Im Bild: Zwei Angler bei München
Milan, 56, Bürstenschnitt, blaue Latzhose zu Gummistiefeln, ist ein Hartz-IV-Angler. Bei gutem Wetter steht der gebürtige Kroate an einem Seitenarm des Landwehrkanals, nur ein paar Meter neben dem "Club der Visionäre", einem Treffpunkt der Berliner Technoszene. Während eine paar Partytouristen aus Schweden mit Bier auf die kommende Nacht anstoßen, zieht Milan einen frischen Wurm auf den Haken.
"Lieber stehe ich hier und angle, als den ganzen Tag vor dem Fernseher zu sitzen.

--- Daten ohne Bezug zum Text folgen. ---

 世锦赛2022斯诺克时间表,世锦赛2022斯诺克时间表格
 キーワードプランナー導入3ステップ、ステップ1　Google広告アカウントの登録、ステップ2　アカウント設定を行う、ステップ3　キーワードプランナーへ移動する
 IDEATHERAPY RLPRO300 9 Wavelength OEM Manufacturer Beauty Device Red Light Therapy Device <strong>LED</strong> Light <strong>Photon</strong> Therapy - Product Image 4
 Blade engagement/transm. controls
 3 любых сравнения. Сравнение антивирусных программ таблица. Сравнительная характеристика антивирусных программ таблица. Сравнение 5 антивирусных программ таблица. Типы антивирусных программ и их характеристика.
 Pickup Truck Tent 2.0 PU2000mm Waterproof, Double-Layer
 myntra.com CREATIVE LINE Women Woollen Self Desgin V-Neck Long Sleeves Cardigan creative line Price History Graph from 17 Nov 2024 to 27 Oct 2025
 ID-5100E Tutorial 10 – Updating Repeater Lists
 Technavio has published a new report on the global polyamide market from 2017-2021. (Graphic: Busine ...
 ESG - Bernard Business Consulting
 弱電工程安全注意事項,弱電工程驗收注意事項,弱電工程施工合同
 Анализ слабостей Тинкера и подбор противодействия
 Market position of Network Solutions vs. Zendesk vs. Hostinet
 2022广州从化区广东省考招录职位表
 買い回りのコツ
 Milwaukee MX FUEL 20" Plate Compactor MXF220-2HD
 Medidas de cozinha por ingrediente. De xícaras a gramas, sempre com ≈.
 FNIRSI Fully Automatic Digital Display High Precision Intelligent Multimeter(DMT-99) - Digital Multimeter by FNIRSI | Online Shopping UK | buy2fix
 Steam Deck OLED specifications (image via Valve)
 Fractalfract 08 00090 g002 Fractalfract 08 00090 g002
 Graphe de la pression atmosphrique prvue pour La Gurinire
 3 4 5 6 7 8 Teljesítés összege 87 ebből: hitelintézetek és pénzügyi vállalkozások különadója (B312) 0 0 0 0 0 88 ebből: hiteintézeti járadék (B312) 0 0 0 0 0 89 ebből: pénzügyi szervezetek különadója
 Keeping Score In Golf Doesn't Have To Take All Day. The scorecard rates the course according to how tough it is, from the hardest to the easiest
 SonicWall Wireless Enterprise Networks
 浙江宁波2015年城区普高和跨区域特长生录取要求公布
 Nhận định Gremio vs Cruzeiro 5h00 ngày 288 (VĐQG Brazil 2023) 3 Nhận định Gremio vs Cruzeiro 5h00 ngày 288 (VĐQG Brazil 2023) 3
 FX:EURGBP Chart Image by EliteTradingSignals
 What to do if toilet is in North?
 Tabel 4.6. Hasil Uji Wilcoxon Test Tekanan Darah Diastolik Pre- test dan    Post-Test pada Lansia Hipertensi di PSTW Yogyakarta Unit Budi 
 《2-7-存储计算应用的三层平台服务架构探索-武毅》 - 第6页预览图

Die jungen Leute um mich herum und die Musik stören mich nicht. Was soll ich auch machen? Seit zwölf Jahren habe ich keine Arbeit mehr. Früher bin ich LKW gefahren, doch irgendwann wurde ich krank, musste zwei Mal an der Wirbelsäule operiert werden und verlor meinen Job. Seit der Wende leben viele Menschen in Berlin ohne Arbeit, daher war es schwer, etwas neues zu finden. Ich selbst bin vor 25 Jahren nach Deutschland gezogen, damals hieß es noch DDR. Heute würde ich am liebsten wieder zurück nach Kroatien. In Deutschland ist alles so teuer geworden, selbst das Brot beim Türken. Fisch kaufe ich mir nie. Manchmal habe ich Glück und fange einen Zander oder Aal, die mag ich gerne, doch wegen der vielen Angler, die in den letzten Jahren hier zum Kanal gekommen sind, habe ich meistens Pech. Heute bin ich schon mit ein paar Plötzen zufrieden. Die koche ich in scharfer Paprikasauce."
Vom Haken in den Mund
Frischen Fisch können sich Arbeitslose kaum leisten. In Berlin angeln daher immer mehr Hartz-IV-Empfänger lieber selbst.